:: TASK DETAILS ::
Without copying any picture, return all lines below exactly.

:: INFORMATION PROVIDED ::
_ _ _ _
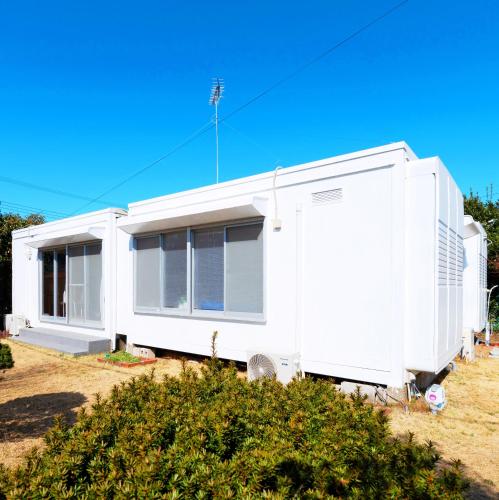 House K — Ichinomiya — photo 4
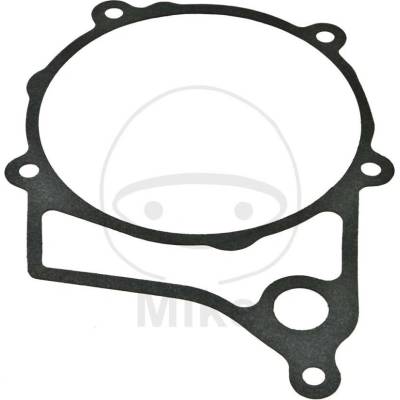 Těsnění pod víko spojky ATHENA S410210017049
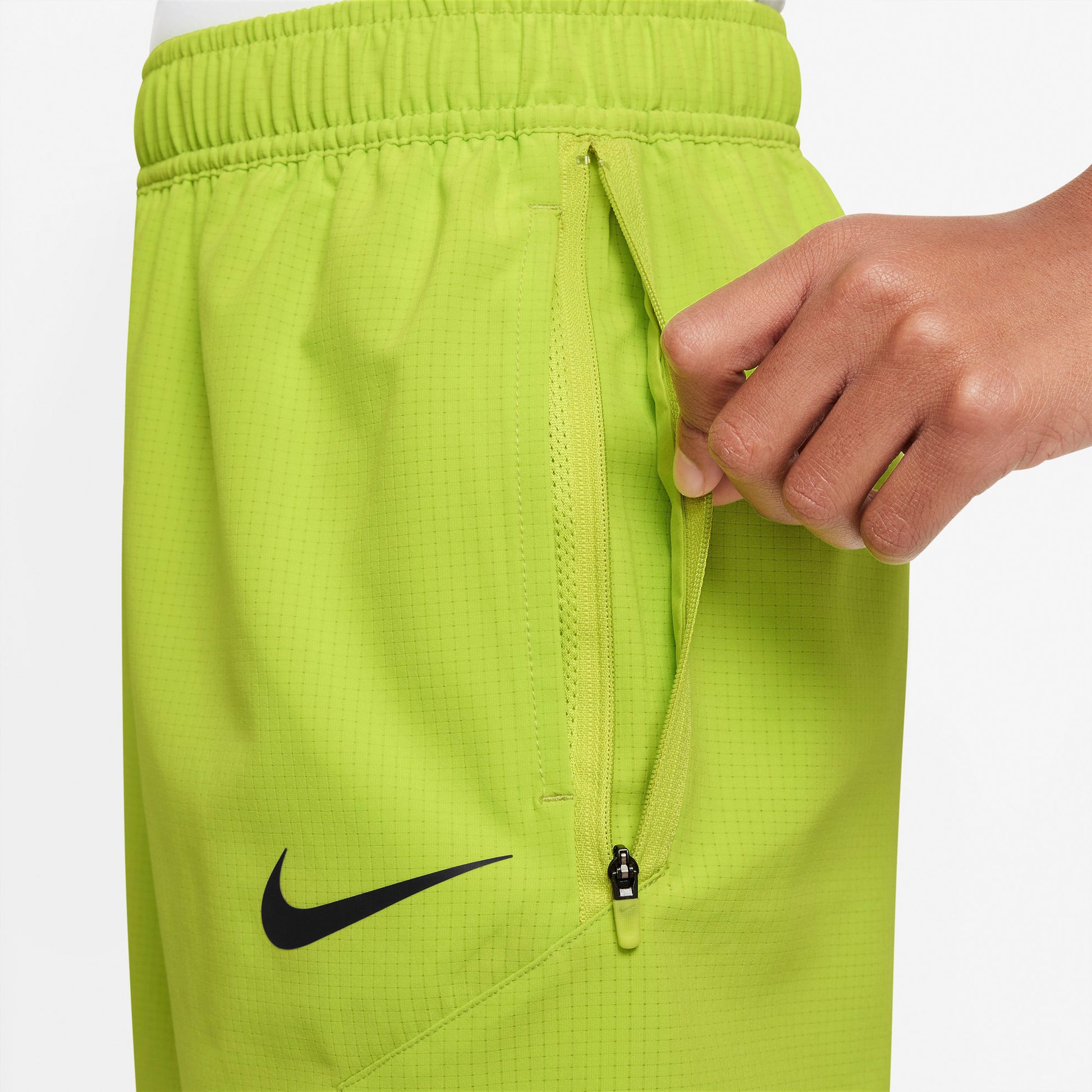 Dri-FIT Instacool træningsshorts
_ _ _ _
:: EXERCISE OUTPUT ::
 House K — Ichinomiya — photo 4
 Těsnění pod víko spojky ATHENA S410210017049
 Dri-FIT Instacool træningsshorts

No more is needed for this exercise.